The data below holds the lines to copy: everything from the line containing "Watercolor Winter Trees" to the line containing "Terrasdragers Rubberen Onderlaag", both ends included, set down exactly.

_ _ _ _ _

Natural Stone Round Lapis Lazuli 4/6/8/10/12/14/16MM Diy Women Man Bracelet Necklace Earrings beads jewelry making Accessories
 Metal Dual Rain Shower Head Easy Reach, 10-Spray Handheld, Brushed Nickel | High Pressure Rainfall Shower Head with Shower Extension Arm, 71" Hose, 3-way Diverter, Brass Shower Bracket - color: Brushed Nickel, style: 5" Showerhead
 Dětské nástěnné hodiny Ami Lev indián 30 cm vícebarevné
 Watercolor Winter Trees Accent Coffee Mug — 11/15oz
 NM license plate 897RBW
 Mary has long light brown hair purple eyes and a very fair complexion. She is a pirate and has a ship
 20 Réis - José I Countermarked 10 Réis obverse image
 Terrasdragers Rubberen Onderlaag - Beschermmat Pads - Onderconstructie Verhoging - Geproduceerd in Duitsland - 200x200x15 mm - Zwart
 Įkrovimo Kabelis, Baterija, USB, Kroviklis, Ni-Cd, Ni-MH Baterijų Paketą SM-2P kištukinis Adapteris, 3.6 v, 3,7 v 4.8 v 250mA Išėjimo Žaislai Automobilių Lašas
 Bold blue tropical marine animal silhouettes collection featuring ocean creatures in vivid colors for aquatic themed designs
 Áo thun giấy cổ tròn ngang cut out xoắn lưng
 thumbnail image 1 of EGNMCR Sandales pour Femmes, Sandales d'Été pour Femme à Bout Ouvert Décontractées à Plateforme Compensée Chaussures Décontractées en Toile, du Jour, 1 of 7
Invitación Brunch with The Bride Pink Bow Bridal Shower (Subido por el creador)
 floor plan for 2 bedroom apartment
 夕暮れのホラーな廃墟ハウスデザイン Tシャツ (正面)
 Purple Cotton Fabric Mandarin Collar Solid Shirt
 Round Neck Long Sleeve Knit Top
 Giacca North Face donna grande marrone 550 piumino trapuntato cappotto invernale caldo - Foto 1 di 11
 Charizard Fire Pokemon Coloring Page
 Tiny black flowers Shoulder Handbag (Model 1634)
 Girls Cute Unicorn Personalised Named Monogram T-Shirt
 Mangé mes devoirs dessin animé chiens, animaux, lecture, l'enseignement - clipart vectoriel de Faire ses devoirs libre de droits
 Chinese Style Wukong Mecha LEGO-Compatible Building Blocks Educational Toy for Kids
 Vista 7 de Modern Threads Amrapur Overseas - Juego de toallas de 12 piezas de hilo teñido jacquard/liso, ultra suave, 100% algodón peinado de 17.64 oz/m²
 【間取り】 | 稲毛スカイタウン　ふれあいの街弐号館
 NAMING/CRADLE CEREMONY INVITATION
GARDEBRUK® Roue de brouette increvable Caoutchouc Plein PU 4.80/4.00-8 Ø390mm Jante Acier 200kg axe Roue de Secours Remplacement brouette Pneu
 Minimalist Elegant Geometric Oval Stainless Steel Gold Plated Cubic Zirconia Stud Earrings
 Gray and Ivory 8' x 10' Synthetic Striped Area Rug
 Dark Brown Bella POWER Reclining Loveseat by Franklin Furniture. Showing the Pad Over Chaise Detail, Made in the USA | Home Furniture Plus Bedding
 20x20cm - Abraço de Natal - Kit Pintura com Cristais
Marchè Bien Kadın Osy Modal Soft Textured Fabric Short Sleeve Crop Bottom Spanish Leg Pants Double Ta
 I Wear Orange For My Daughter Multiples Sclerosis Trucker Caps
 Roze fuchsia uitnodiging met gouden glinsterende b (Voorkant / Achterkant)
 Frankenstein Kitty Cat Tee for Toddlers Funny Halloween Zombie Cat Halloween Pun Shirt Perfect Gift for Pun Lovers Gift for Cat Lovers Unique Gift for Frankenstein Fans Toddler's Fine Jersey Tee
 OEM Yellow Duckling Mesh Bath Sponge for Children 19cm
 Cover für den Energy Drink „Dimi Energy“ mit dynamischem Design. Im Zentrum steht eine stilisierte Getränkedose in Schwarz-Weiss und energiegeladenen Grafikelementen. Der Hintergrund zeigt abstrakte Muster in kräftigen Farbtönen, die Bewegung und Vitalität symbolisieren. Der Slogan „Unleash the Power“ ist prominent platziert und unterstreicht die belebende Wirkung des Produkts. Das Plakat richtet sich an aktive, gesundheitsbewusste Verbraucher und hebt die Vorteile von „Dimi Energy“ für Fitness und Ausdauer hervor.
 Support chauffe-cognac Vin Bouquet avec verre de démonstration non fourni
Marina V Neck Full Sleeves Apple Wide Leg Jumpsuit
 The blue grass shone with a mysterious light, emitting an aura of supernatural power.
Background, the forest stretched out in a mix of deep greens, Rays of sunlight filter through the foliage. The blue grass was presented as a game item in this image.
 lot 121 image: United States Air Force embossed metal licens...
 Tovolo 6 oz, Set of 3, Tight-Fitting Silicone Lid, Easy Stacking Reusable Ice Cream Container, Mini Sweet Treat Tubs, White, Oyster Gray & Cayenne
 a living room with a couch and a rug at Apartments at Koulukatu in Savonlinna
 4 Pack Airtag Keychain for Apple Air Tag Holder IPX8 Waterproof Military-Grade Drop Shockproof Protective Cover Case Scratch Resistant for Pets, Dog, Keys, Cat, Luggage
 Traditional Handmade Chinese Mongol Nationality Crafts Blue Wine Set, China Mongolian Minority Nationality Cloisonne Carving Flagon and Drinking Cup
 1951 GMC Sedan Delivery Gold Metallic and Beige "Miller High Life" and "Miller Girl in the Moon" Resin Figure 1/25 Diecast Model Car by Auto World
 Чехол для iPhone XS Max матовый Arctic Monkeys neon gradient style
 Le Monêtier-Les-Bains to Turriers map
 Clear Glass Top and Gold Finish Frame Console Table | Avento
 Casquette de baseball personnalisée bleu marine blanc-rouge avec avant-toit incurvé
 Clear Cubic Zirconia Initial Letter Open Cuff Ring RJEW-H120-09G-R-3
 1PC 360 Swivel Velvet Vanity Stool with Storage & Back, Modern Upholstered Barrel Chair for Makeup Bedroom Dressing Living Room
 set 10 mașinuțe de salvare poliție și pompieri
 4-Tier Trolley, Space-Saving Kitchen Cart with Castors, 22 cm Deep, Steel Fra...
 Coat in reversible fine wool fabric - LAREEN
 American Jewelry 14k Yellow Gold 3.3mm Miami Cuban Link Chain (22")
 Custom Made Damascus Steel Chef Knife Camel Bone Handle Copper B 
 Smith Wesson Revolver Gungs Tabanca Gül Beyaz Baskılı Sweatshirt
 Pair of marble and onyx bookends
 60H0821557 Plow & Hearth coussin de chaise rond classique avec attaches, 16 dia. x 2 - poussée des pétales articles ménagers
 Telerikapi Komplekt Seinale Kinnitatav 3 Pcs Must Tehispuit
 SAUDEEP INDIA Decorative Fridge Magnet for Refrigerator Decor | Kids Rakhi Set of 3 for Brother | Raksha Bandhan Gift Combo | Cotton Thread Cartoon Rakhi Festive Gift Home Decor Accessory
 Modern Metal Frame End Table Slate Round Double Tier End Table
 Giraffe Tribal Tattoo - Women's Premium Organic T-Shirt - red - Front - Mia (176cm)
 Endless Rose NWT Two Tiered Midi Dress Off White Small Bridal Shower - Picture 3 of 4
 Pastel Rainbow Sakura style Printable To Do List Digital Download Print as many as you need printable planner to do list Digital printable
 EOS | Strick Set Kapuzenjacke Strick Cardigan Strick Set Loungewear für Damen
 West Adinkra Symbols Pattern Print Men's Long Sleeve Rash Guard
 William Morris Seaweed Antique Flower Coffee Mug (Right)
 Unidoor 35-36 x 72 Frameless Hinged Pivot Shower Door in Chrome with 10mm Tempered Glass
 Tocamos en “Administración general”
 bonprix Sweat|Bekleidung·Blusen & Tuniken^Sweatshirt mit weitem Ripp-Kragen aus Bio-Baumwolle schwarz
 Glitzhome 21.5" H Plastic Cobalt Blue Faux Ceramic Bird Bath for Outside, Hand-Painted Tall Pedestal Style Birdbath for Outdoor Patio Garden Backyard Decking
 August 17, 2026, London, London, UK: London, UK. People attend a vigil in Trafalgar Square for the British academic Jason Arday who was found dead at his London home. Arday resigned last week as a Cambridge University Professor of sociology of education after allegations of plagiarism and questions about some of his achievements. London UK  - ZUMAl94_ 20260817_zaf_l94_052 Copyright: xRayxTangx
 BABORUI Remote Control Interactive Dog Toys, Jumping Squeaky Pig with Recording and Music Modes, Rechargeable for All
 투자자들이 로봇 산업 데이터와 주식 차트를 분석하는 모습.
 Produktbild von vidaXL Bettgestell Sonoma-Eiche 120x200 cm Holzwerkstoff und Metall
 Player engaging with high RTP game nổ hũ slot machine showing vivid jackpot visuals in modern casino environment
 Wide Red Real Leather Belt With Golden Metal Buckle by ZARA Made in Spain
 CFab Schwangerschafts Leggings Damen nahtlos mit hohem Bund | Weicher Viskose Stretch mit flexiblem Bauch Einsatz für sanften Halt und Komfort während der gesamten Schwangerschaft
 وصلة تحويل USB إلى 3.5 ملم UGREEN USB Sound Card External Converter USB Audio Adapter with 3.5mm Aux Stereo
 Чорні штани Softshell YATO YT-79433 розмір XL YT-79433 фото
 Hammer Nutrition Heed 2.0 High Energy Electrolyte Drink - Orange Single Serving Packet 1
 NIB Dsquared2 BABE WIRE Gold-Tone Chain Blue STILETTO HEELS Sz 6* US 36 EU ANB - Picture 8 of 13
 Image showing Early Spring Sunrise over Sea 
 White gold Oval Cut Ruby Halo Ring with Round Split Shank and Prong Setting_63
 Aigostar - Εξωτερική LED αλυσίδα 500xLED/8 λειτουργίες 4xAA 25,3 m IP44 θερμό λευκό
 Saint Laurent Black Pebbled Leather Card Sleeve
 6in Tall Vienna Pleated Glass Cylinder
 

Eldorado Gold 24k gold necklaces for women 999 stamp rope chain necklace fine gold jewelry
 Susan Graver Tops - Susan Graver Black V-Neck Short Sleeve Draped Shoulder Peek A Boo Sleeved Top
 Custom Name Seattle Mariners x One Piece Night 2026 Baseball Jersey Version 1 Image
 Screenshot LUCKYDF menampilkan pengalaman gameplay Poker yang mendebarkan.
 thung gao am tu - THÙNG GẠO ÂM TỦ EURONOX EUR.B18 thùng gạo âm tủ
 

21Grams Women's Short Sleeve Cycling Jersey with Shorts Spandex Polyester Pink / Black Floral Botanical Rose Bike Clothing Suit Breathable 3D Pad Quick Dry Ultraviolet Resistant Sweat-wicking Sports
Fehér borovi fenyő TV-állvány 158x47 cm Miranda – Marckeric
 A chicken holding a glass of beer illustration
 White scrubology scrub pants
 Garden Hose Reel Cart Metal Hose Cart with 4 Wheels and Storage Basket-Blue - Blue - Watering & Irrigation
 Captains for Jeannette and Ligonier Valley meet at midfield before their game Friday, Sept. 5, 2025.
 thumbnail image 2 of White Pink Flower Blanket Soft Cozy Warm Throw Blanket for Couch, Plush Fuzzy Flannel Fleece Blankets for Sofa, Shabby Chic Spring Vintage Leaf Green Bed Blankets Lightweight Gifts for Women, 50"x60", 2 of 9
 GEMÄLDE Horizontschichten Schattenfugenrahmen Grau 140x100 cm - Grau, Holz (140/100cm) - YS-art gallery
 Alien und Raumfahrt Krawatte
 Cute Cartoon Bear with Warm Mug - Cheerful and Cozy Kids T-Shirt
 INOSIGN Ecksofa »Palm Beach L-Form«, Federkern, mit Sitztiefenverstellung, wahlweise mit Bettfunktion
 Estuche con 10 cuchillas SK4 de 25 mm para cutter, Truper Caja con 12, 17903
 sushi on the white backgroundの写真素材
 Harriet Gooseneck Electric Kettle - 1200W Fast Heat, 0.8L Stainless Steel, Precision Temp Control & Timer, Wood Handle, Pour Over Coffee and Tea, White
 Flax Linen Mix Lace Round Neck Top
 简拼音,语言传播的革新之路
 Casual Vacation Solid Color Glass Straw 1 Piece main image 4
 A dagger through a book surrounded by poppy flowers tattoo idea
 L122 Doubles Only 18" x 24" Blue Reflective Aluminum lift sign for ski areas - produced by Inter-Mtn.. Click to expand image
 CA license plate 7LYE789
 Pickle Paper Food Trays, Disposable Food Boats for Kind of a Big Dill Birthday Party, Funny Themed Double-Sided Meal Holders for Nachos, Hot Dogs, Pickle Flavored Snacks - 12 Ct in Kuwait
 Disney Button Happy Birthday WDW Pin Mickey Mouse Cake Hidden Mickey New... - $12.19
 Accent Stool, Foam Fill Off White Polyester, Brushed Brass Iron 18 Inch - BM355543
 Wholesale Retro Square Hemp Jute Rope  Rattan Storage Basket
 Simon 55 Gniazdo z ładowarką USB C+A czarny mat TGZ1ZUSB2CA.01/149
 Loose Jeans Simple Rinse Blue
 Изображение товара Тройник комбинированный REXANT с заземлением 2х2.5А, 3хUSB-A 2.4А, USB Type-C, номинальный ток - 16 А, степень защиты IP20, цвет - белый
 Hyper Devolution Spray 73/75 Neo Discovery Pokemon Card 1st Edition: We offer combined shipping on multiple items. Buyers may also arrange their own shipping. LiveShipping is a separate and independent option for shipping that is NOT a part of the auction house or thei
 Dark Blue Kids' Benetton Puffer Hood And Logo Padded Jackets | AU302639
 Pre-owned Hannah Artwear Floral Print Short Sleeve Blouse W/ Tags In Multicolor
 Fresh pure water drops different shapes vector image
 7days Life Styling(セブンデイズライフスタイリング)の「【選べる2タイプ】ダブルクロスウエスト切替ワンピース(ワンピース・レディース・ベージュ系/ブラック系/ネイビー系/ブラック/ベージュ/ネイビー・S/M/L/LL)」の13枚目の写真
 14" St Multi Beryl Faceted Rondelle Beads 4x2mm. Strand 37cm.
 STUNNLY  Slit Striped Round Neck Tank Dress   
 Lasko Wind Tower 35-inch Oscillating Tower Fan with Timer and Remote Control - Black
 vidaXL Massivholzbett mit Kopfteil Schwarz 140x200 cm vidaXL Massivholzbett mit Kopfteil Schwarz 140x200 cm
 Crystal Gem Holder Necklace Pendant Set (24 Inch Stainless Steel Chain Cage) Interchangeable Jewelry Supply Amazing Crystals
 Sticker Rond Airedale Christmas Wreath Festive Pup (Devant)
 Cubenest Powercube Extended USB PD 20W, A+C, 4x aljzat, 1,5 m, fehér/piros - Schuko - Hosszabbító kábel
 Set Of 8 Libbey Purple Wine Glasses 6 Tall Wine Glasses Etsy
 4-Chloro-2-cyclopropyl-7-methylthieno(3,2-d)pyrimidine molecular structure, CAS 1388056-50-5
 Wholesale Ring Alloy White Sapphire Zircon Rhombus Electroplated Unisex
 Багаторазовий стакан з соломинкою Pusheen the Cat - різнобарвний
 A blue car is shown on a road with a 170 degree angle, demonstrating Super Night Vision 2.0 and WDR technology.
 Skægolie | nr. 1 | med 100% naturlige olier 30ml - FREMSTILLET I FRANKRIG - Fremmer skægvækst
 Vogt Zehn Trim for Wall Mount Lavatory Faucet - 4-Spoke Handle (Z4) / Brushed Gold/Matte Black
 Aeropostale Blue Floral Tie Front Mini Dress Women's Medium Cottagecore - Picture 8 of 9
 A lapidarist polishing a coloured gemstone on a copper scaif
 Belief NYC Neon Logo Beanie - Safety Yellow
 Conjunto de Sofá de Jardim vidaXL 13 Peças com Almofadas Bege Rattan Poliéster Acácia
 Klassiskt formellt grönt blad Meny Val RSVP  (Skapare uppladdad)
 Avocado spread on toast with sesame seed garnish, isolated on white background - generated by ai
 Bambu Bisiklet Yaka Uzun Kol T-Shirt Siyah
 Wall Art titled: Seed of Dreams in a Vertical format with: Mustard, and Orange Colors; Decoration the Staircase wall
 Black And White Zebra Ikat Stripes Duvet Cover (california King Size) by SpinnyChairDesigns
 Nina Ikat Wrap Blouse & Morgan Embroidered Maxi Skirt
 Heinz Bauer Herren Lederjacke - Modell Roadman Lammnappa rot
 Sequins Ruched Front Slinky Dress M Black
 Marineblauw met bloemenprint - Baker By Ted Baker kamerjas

_ _ _ _ _

--- Exercise result ---
 Watercolor Winter Trees Accent Coffee Mug — 11/15oz
 NM license plate 897RBW
 Mary has long light brown hair purple eyes and a very fair complexion. She is a pirate and has a ship
 20 Réis - José I Countermarked 10 Réis obverse image
 Terrasdragers Rubberen Onderlaag - Beschermmat Pads - Onderconstructie Verhoging - Geproduceerd in Duitsland - 200x200x15 mm - Zwart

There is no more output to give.